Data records
┌──
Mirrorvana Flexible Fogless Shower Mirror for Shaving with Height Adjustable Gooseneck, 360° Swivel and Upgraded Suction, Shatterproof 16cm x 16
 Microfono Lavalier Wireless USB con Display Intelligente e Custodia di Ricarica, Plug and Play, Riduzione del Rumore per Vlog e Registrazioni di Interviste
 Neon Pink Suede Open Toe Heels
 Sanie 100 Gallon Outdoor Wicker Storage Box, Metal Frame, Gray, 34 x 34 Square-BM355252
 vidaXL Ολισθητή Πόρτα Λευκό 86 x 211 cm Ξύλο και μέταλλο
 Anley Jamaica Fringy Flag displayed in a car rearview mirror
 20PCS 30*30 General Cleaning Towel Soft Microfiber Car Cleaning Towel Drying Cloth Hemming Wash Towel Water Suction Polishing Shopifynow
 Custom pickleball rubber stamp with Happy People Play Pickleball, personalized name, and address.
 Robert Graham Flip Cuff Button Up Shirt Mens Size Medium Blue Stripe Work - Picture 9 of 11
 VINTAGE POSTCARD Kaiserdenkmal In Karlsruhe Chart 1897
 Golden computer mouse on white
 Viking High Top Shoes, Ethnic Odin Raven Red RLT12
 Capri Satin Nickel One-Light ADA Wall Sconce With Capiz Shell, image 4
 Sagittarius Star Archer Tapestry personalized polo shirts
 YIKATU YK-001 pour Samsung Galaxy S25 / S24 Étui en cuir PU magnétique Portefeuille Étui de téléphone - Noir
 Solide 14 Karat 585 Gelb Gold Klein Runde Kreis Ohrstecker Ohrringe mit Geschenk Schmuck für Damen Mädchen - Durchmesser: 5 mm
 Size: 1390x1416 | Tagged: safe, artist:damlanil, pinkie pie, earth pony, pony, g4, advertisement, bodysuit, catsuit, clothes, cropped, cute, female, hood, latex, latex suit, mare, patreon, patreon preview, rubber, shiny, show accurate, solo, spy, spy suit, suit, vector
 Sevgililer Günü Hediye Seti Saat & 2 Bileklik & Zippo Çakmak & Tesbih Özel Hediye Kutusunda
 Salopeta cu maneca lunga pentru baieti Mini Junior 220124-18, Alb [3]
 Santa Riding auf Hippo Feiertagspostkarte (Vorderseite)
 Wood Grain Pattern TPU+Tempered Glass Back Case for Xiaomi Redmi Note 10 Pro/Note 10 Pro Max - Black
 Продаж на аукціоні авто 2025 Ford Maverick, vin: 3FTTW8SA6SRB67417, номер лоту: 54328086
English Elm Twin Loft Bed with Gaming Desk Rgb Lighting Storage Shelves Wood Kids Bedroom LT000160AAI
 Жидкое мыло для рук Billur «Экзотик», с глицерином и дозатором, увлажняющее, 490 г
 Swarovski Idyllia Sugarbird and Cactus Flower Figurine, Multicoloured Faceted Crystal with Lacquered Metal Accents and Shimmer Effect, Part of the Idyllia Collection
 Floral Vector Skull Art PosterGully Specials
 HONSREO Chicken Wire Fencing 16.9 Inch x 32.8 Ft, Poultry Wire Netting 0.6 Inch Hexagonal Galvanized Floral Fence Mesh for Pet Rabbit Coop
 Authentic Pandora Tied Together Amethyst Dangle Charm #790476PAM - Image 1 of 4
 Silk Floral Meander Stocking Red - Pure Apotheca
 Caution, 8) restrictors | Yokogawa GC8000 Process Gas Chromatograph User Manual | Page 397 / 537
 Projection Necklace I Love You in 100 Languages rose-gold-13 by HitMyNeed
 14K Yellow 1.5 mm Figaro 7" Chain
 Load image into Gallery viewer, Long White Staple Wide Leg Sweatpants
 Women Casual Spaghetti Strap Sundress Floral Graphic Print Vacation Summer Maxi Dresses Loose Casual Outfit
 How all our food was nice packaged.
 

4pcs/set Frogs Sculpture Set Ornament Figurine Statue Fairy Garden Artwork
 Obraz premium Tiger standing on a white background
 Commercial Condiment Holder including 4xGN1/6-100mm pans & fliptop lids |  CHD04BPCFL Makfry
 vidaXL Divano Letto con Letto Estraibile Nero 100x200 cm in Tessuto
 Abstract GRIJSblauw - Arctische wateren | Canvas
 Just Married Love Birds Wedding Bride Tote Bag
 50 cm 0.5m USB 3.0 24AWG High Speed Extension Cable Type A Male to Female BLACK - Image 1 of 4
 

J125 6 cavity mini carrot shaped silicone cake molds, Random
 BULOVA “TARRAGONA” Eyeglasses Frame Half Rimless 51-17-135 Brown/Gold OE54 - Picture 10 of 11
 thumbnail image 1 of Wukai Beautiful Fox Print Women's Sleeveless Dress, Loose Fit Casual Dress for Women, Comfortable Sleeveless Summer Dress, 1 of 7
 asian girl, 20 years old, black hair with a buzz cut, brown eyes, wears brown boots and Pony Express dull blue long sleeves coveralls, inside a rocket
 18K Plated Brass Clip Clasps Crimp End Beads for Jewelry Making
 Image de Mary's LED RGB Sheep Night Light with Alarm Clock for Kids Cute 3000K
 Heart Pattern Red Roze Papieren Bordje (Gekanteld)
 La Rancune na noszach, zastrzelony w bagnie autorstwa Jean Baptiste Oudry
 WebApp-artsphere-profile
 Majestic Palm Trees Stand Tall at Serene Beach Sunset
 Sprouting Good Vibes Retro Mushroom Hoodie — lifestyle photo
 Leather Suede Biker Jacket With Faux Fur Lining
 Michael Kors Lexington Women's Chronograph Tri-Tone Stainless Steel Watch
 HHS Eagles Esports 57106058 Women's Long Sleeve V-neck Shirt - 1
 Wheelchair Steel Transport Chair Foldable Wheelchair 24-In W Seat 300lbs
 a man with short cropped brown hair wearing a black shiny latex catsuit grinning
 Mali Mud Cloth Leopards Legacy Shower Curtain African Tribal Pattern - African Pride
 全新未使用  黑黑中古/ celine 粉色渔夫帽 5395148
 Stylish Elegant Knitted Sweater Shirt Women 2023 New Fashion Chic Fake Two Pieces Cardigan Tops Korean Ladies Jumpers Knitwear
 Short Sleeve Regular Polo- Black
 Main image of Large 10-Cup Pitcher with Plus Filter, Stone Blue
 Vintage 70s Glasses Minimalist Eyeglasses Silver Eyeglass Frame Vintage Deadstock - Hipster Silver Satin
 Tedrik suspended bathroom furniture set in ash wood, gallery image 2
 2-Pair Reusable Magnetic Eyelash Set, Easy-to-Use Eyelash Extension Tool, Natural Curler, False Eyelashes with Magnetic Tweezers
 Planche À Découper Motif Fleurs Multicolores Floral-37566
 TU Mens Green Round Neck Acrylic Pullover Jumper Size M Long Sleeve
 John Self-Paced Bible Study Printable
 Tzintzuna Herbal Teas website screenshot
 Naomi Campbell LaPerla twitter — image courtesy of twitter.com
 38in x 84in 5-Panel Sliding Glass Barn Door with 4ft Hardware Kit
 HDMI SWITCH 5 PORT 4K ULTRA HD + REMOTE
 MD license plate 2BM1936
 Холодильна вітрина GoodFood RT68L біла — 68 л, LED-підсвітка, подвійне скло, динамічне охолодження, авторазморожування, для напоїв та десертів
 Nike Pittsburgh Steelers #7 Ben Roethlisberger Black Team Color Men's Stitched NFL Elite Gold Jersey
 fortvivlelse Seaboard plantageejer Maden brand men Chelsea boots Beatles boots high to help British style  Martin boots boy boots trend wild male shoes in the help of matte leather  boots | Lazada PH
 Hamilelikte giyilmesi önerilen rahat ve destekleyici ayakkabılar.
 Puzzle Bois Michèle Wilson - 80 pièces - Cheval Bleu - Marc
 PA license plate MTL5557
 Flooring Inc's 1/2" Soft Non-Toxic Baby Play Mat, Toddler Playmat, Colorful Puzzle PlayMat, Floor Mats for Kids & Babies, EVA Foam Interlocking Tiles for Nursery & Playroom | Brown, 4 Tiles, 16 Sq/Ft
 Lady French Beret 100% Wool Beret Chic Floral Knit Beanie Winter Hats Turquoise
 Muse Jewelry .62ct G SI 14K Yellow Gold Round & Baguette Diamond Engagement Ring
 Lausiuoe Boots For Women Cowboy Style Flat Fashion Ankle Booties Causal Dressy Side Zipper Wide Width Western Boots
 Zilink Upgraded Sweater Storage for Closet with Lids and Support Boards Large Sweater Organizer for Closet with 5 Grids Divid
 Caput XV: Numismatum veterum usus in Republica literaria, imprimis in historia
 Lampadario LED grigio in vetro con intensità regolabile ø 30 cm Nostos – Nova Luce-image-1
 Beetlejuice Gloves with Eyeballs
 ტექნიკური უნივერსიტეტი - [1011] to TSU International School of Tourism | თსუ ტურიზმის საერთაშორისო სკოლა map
└──
### How to complete this task
Set down only the lines above that fall between the line holding "Heart Pattern Red" and the line holding "a man with short", inclusive, keeping each exact.

### Answer below
 Heart Pattern Red Roze Papieren Bordje (Gekanteld)
 La Rancune na noszach, zastrzelony w bagnie autorstwa Jean Baptiste Oudry
 WebApp-artsphere-profile
 Majestic Palm Trees Stand Tall at Serene Beach Sunset
 Sprouting Good Vibes Retro Mushroom Hoodie — lifestyle photo
 Leather Suede Biker Jacket With Faux Fur Lining
 Michael Kors Lexington Women's Chronograph Tri-Tone Stainless Steel Watch
 HHS Eagles Esports 57106058 Women's Long Sleeve V-neck Shirt - 1
 Wheelchair Steel Transport Chair Foldable Wheelchair 24-In W Seat 300lbs
 a man with short cropped brown hair wearing a black shiny latex catsuit grinning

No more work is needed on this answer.